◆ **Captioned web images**
----------------

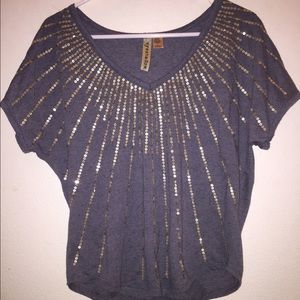 Women's sequin shirt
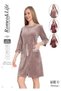 Women's Cotton Velvet Zippered Winter Dress / Mink 3820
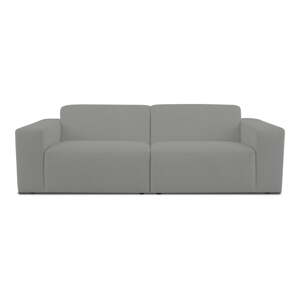 Szürke buklé kanapé 228 cm Roxy – Scandic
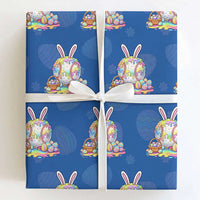 Baseball Easter Drip Ice Cream Sprinkles Egg Gift Wrapping Paper Roll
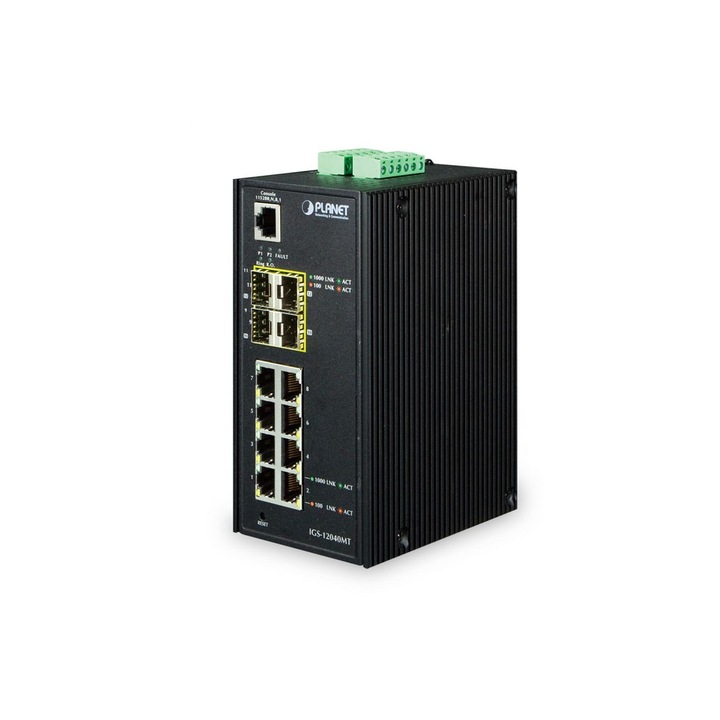 Switch Ethernet, Planet, Negru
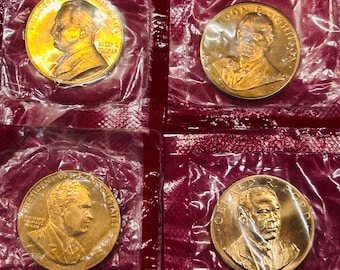 MIB 1963 リンドン・ジョンソン大統領就任銅メダル - Etsy 日本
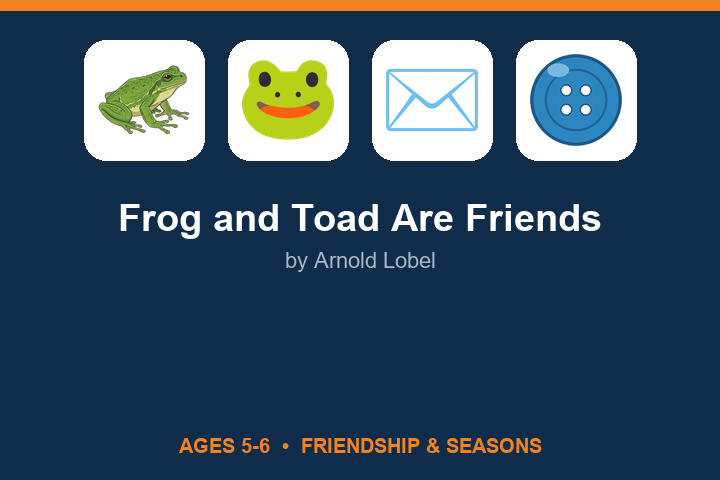 Frog and Toad Are Friends lesson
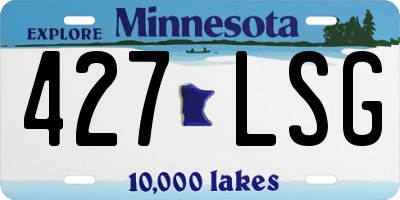 MN license plate 427LSG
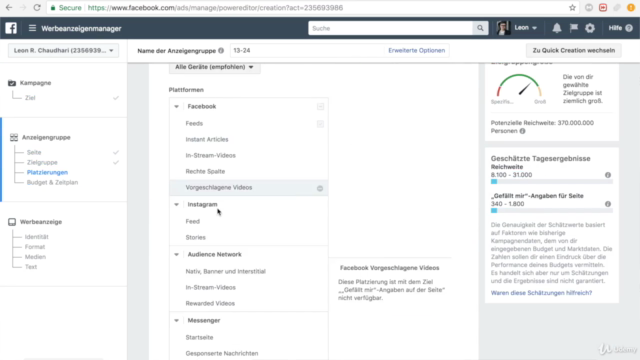 Facebook Seiten Meisterkurs: Der Komplette Facebook Kurs – Screenshot 2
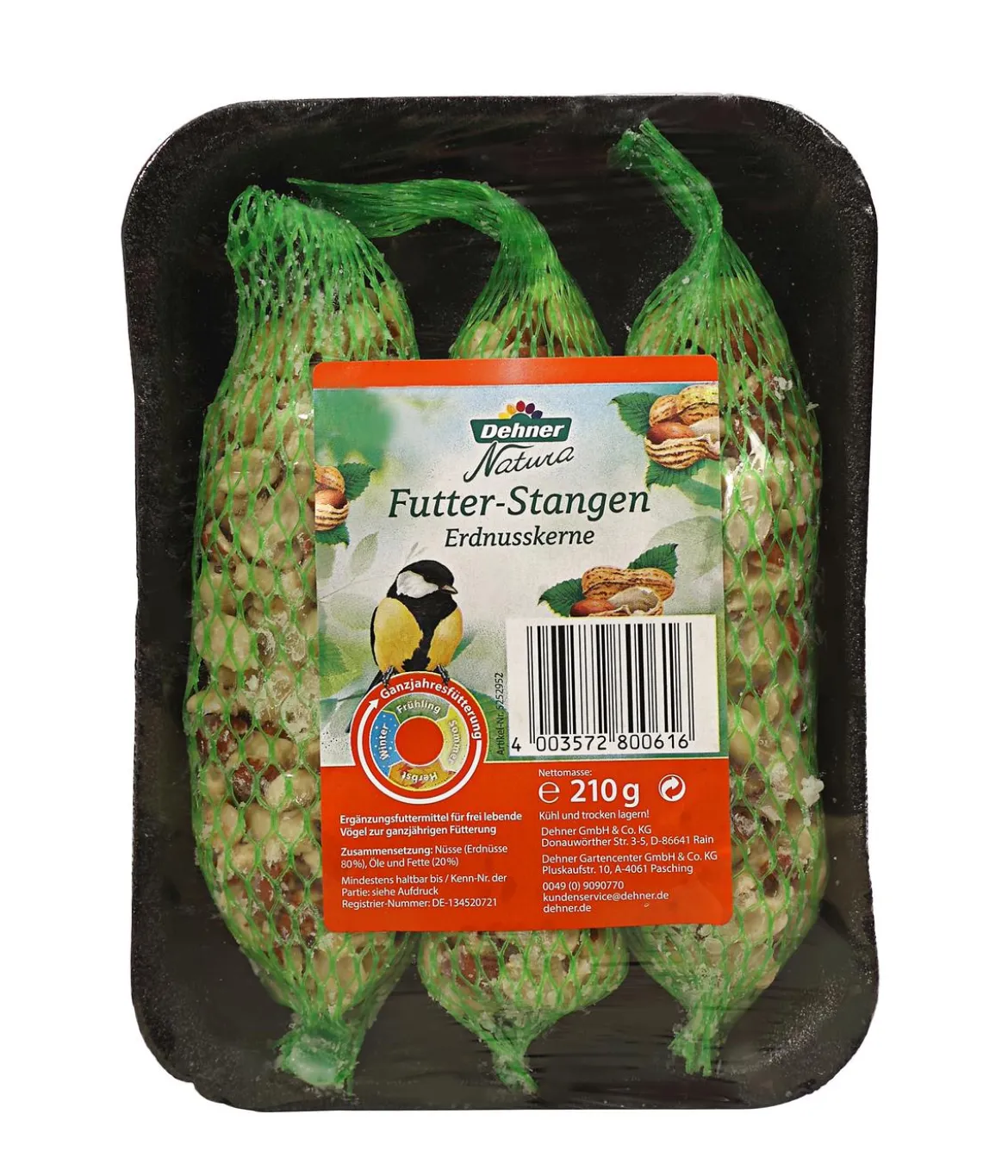 Dehner Natura Premium Wildvogelfutter Spezial-Snackmix, 6-teilig
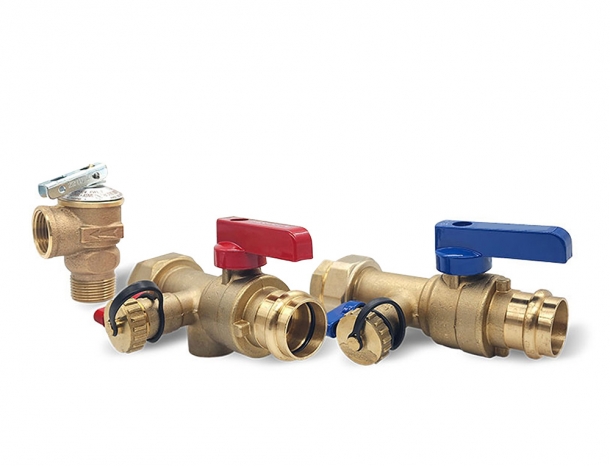 프레스 연결 격리 밸브-Tankless Water Heater Isolation Valve Kits (Press) 제품사진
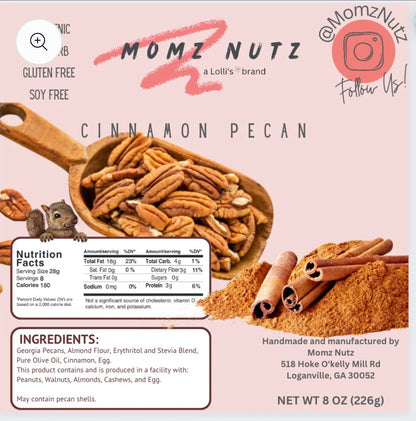 Cinnamon Pecan 8oz Bag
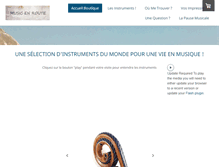 Tablet Screenshot of musicenroute.com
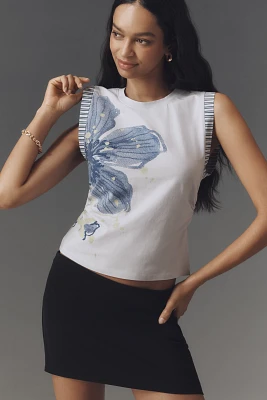 Pilcro Crew Neck Sleeveless Muscle Tee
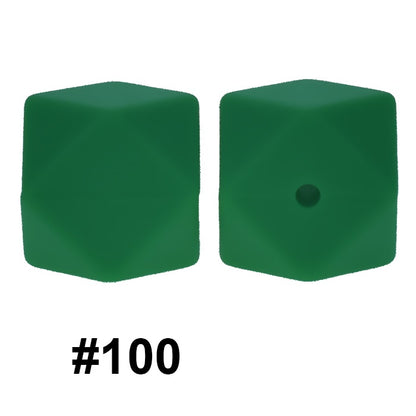 hexagon silicone beads 100
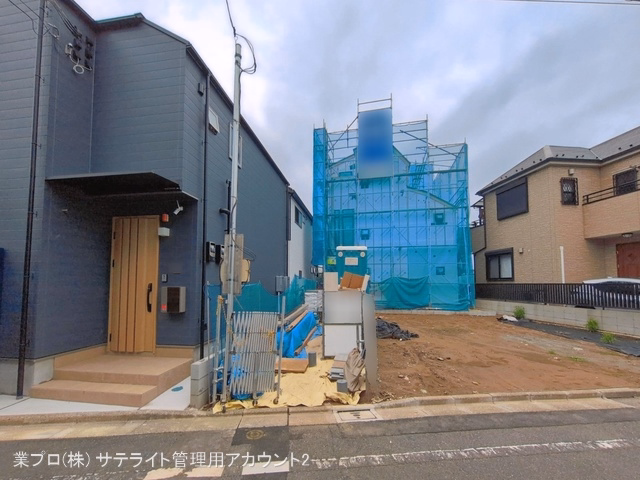 東京都江戸川区南小岩２丁目の新築戸建てシート写真 2026年6月9日撮影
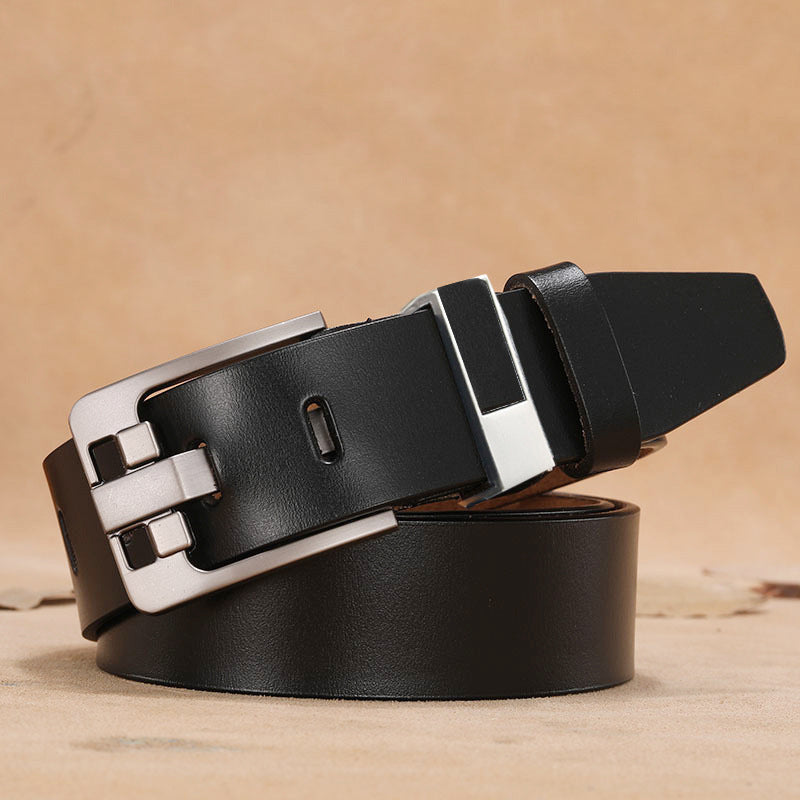 Charcoal Wool — Old Money Winter Look – black leather belt, silver buckle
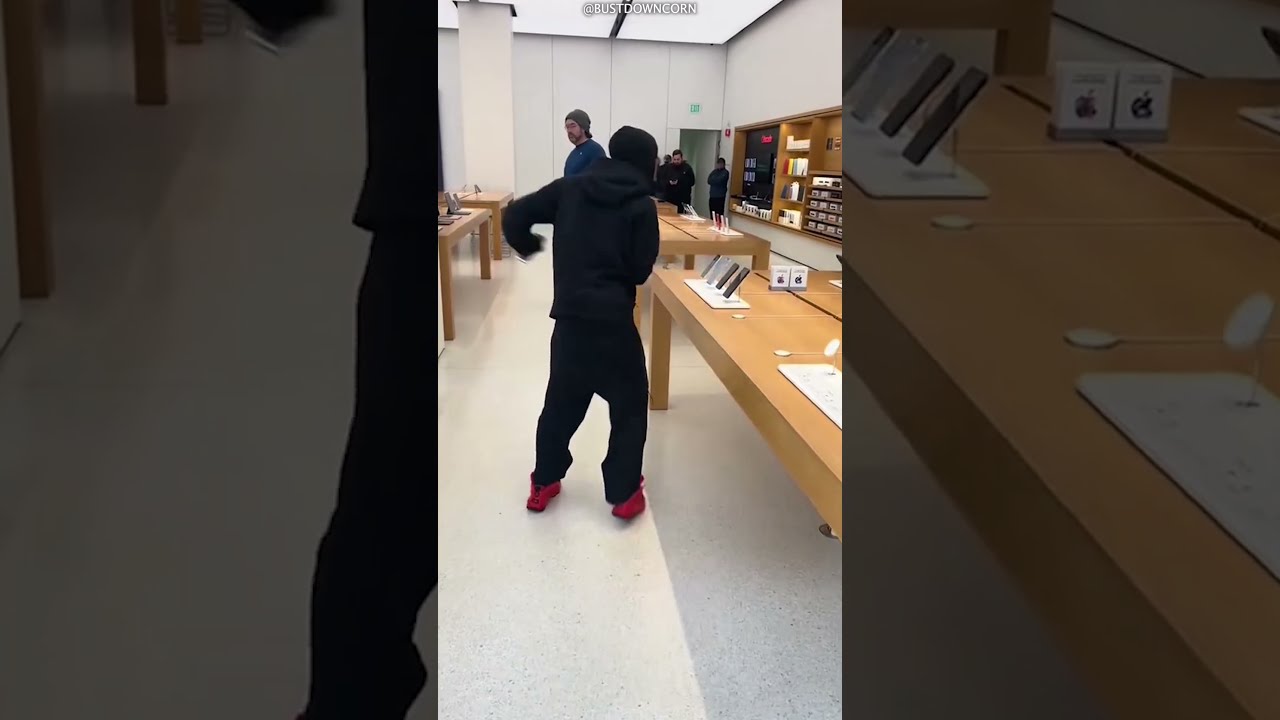 Thief Steals Over 40 IPhones From Apple Store SWNS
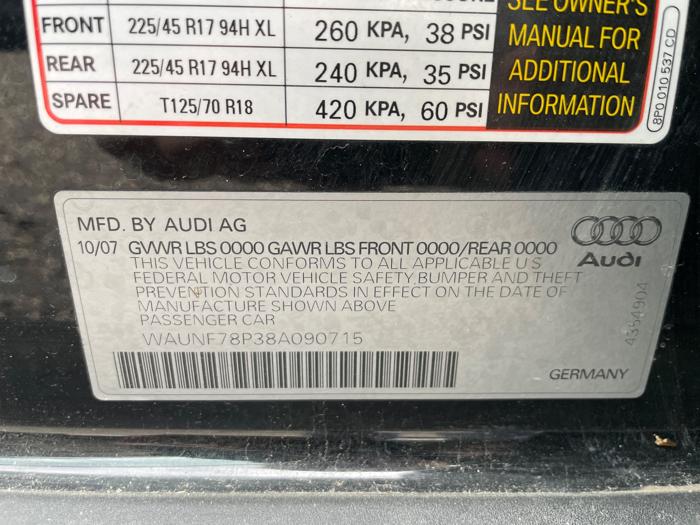 2008 audi a3 2.0t-dsg with 161155 miles for sale near elk-river, minnesota 85d464cbeb884fbda02a5945bd4a916a.jpeg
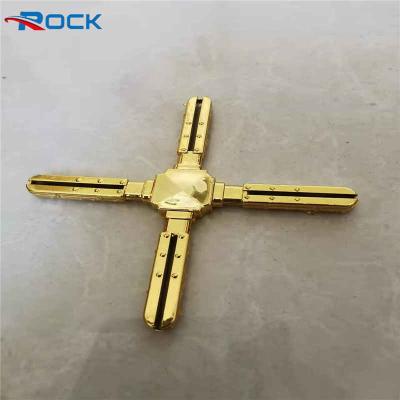 China White Gold 5*8 Double Glazing Georgian Bars Flower Cross Accessories Decorative for sale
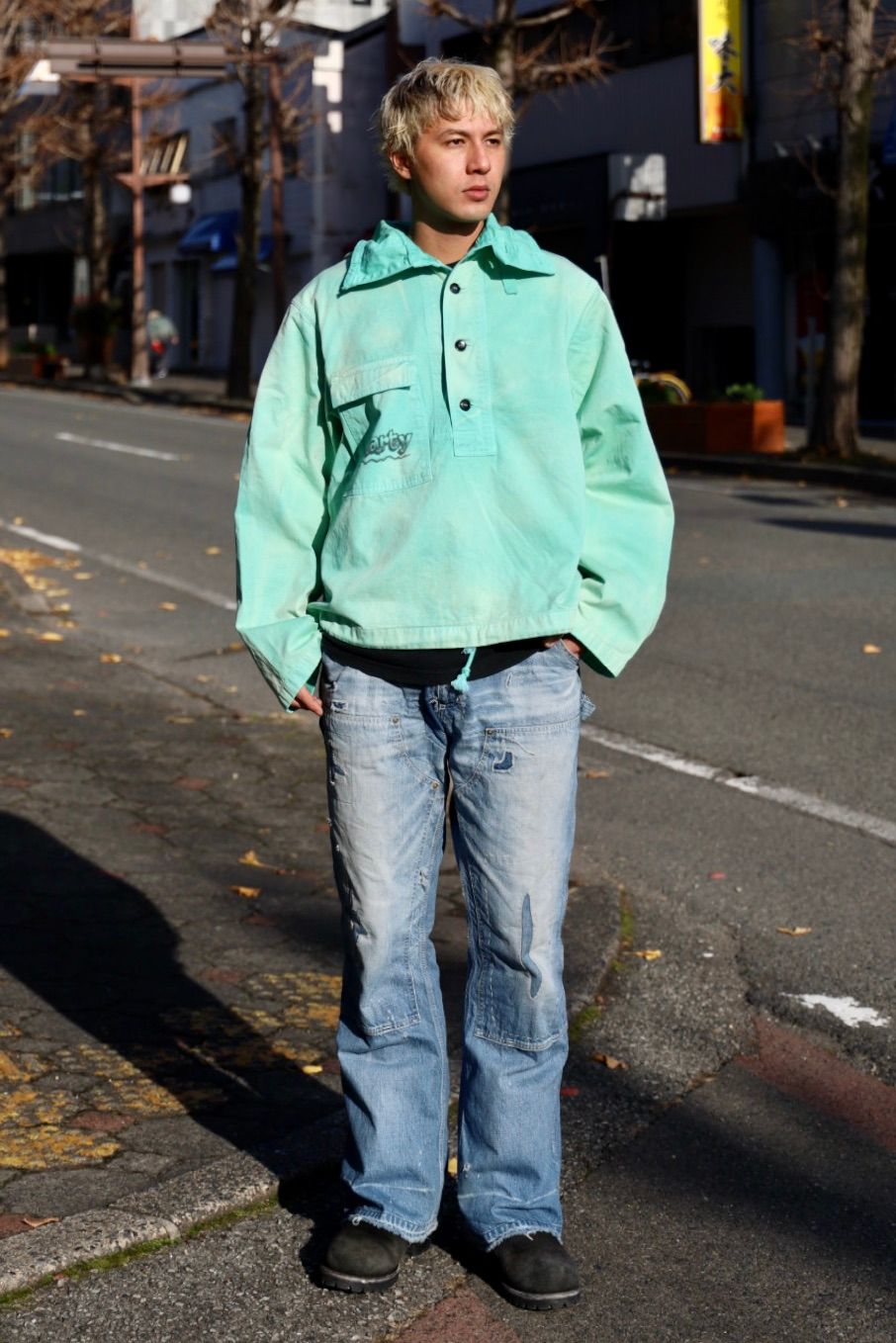 BOW WOW 26 New Year Release Items バウワウ SKETCH DEVIL SALVAGE PARKA AGED(BW261-SDSP) GREEN☆1月2日11:00発売！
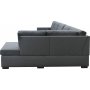 U-soffa Solna v�ndbar - 367 cm - m�rkgr�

----------------

◆ **What is expected**
Starting at the line above that holds "Switch Ethernet, Planet, Negru", repeat every line exactly down to and including the line that holds "Thief Steals Over", then stop. Do not carry over any pictures.

◆ **Response below**
 Switch Ethernet, Planet, Negru
 MIB 1963 リンドン・ジョンソン大統領就任銅メダル - Etsy 日本
 Frog and Toad Are Friends lesson
 MN license plate 427LSG
 Facebook Seiten Meisterkurs: Der Komplette Facebook Kurs – Screenshot 2
 Dehner Natura Premium Wildvogelfutter Spezial-Snackmix, 6-teilig
 프레스 연결 격리 밸브-Tankless Water Heater Isolation Valve Kits (Press) 제품사진
 Cinnamon Pecan 8oz Bag
 Tablet Screenshot of musicenroute.com
 Pilcro Crew Neck Sleeveless Muscle Tee
 hexagon silicone beads 100
 東京都江戸川区南小岩２丁目の新築戸建てシート写真 2026年6月9日撮影
 Charcoal Wool — Old Money Winter Look – black leather belt, silver buckle
 Thief Steals Over 40 IPhones From Apple Store SWNS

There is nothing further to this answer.